New tool for optimization of wave and tidal plants presented

A paper proposing a novel computational tool for the reliability-based assessment of wave, tidal and offshore wind farms was published yesterday in the Journal of Marine Science and Engineering

The paper presents the new tool to identify typical decision problems and to shed light on the complexity of optimising a wave power farm. Nevertheless, the tool is exclusively dedicated to marine renewables and adaptable to a range of technologies.

The proposed tool was used to investigate productivity and availability of a wave energy farm during 10 years of operational life. A number of optimization possibilities to improve productivity, namely vessel choice, maintenance regime, failure rate and component redundancy, were then explored in order to assess their effectiveness. The paper quantifies the yield increase and provides a practical approach to evaluate the effectiveness of strategic and operational decision options.

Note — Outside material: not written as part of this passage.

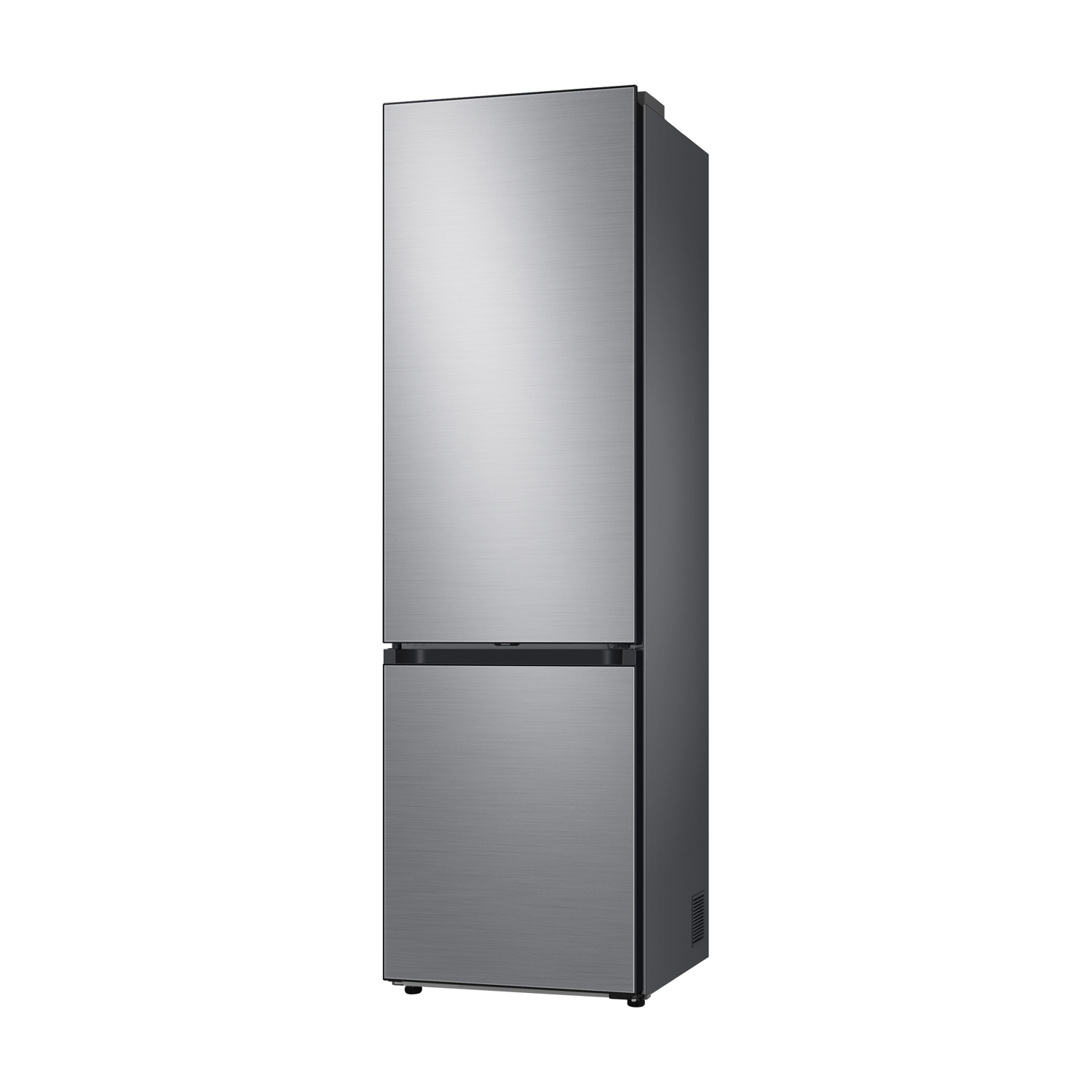 Un frigorifero in acciaio inossidabile su sfondo bianco. Ha due porte e un design elegante e moderno.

Results, in terms of the variations in productivity and availability of the farm, are analysed and discussed within the paper, with conclusions highlighting the importance of reliability-centred simulations that consider the specific decision parameters throughout the operational life to find suitable solutions that increase the productivity and reduce the running cost for offshore farms.

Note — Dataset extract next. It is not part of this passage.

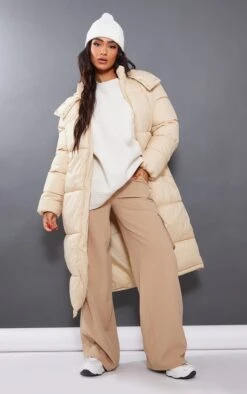 Prettylittlething Petite Camel Long Puffer Coat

The computational tool used belongs to the class of Monte Carlo models, which repeatedly perform a non-deterministic calculation in order to obtain the most probable result. The Monte Carlo method coupled with the computational simulation uses a pseudorandom number generator (PRNG) to generate numbers uniformly distributed between zero and one. The implemented tool uses this methodology and the related reliability data to perform the energetic and economic characterization of offshore farms, simulating the failures that limit their availability, and consequently, productivity, the paper reads.

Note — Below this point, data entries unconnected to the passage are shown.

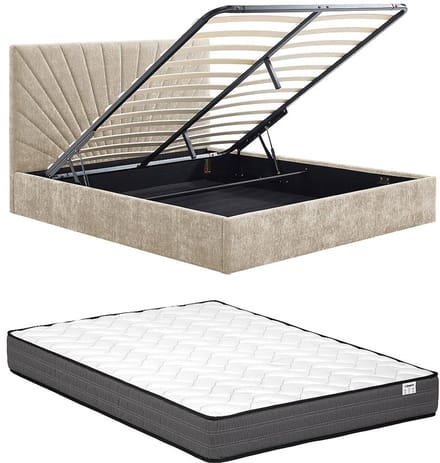 Vente-unique Bed met opbergruimte stof beige 140 x 190 cm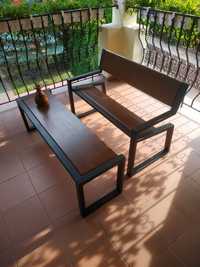 Meble ogrodowe ławka plus stolik kawowy w nowoczesnym stylu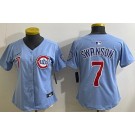Women's Chicago Cubs #7 Dansby Swanson Baby Blue Limited Jersey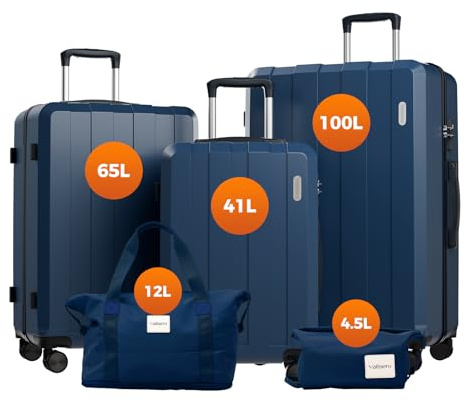 Vallsero Set di valigie, trolley, valigia da viaggio, 5 pezzi, ABS, lucchetto TSA, include 1 borsa da viaggio e 1 beauty case, 4 ruote, manico telescopico in alluminio, Blu scuro, Set di valigie di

The authors are Giovanni Rinaldi, Philipp R. Thies, and Lars Johanning of College of Engineering, Mathematics and Physical Sciences at the University of Exeter, and Richard Walker from Mojo Maritime.

The work in the paper has been conducted within the multinational Initial Training Network (ITN) OceaNET, funded under the PEOPLE Programme (Marie Curie Actions) of European Union’s FP7, with Mojo Maritime providing access to Mermaid to support, and for integration with, the research.